The villagers carried the bodies of Hassana, Hauwa, Amina and Gambo back to Tabawa.
The funeral was solemn and speedy. Dozens of villagers gathered on the farmland where the children’s bodies were buried in small graves. Days of praying in the mosque followed.
In the weeks following her children’s deaths, Ali was unable to visit their graves, per the rules of the village’s 40-day mourning period.
“I try to remember them, especially at night, but there’s not much left of them,” she said, as their clothes and most of their belongings had also been taken by floods.
The family’s hut has been destroyed, so they no longer live in Tabawa, where the children are buried. Their new home is in Darayami village, 11 kilometers away. Like many families scattered across new lands in search of better living conditions, Ali and her relatives have no connection to this place – it’s just where they could find space to start over. They hope to return to Tabawa someday, but for now their focus is on survival.

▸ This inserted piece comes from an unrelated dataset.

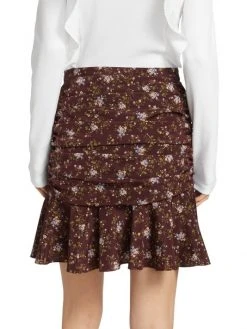 Veronica Beard Taras Ruched Silk Mini Skirt -Veronica Beard shop unnamed file 755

Ali’s husband suffers from hypertension; he cannot stand for a long time and his body is shaking. He can’t work and Ali thinks his health has deteriorated since the death of his children.
The lives of their six surviving children are also forever changed. Husseina and her twin brother were once the life of their home. Without Hassana, she spends her days in a gloomy mood, with no desire to play. Nights can be harder as she tries to sleep alone.
Husseina usually only has her brothers at home: 6-year-old Muhammad and 3-year-old Umaru. The family’s three eldest children still live at home, but spend much of their days working in the fields and farmlands, for a daily wage of $2 or less.
The eldest sister, a 17-year-old who once taught her younger siblings their Islamic lessons, is divorced and back home after a short-lived marriage to a man she barely knew. Still, Ali hopes her 15-year-old daughter will get married soon – there are too many mouths to feed, and getting married early is an accepted part of their religion and culture.
The family’s new cabin is barely furnished. The children play barefoot on thick brown earth. The elderly pick the leftovers from the farms where they work so that the family can make ends meet.
“No food, no shelter, no place even to get a good night’s sleep,” Ali said.
But she clings to her faith. She holds Husseina tightly against her belly. “It’s all God’s plan,” Ali tells her as they begin to cry again.